Dance Review - nytimes.com
By ALASTAIR MACAULAY
Published: August 19, 2012  
Indian Dance via Bollywood, by Way of Russia, Near Wall Street

Indian Dance at Downtown Dance Festival
  
In February, as I stood in line to collect my visa to go to India, the man next to me said: "You're interested in Indian dance? But then you have to go to Bombay." He was referring to dance in Bollywood movies.

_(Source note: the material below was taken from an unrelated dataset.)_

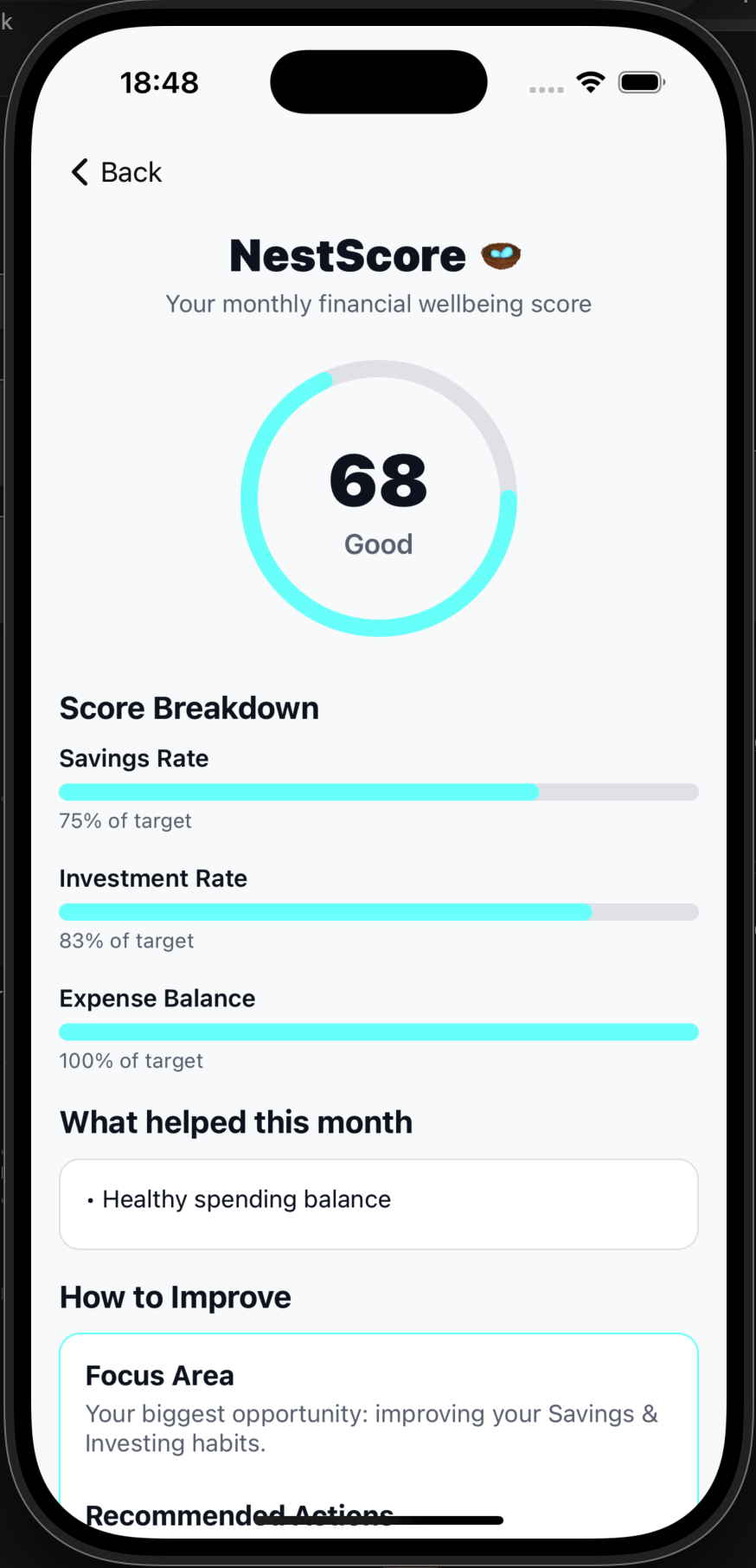 BudgetNest Nestscore screen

Indian Dance at Downtown Dance Festival
Sara Krulwich/The New York Times

Downtown Dance Festival Members of the Mayuri Dance Group, from Petrozavodsk, Russia, performing at 1 New York Plaza on Friday during the "Erasing Borders" program of Indian Dance.
That memory came back on Friday at 1 New York Plaza, as the weeklong Downtown Dance Festival closed with its annual "Erasing Borders" program of Indian dance, presented by the Indo-American Arts Council. The organizers, devoted to the classical forms of Indian dance, have offered several rare examples in previous years, but they don't exclude other Indian dance forms. And despite the Indo-American label, they include countries other than India and the United States. So you had to laugh on Friday: not only did the 90-minute concert begin and end with several chunks of Bollywood dance, but it was also Bollywood by way of Russia.

I've never seen the plaza more crowded, with many standees. Who wouldn't cherish the juxtaposition of the financial district (with traffic visible on two sides of the plaza) and Indian dance (with its complex evocations of faraway culture, its bright attire and the lavish color of its generously amplified music). Every year I look forward to the contrast.

The Russian dancers - the Mayuri Dance Group, from Petrozavodsk - were big hits, performing eight numbers with zest, glee and an array of costumes so admirably vivid that audience members exclaimed about them. Combinations of azure with gold, emerald with cream, and black with scarlet flooded the cityscape with color. The dancing, often with lip-syncing and flashing eyes, had all of Bollywood's engaging vivacity. As so often in Bollywood, shoulders or pelvises would throb to the beat like pulses. (I read with happy fascination that the Mayuri group was founded in 1987 at the Railway Workers Cultural Center of Petrozavodsk; training there also includes the Indian classical idioms of Bharata Natyam and Kathak.)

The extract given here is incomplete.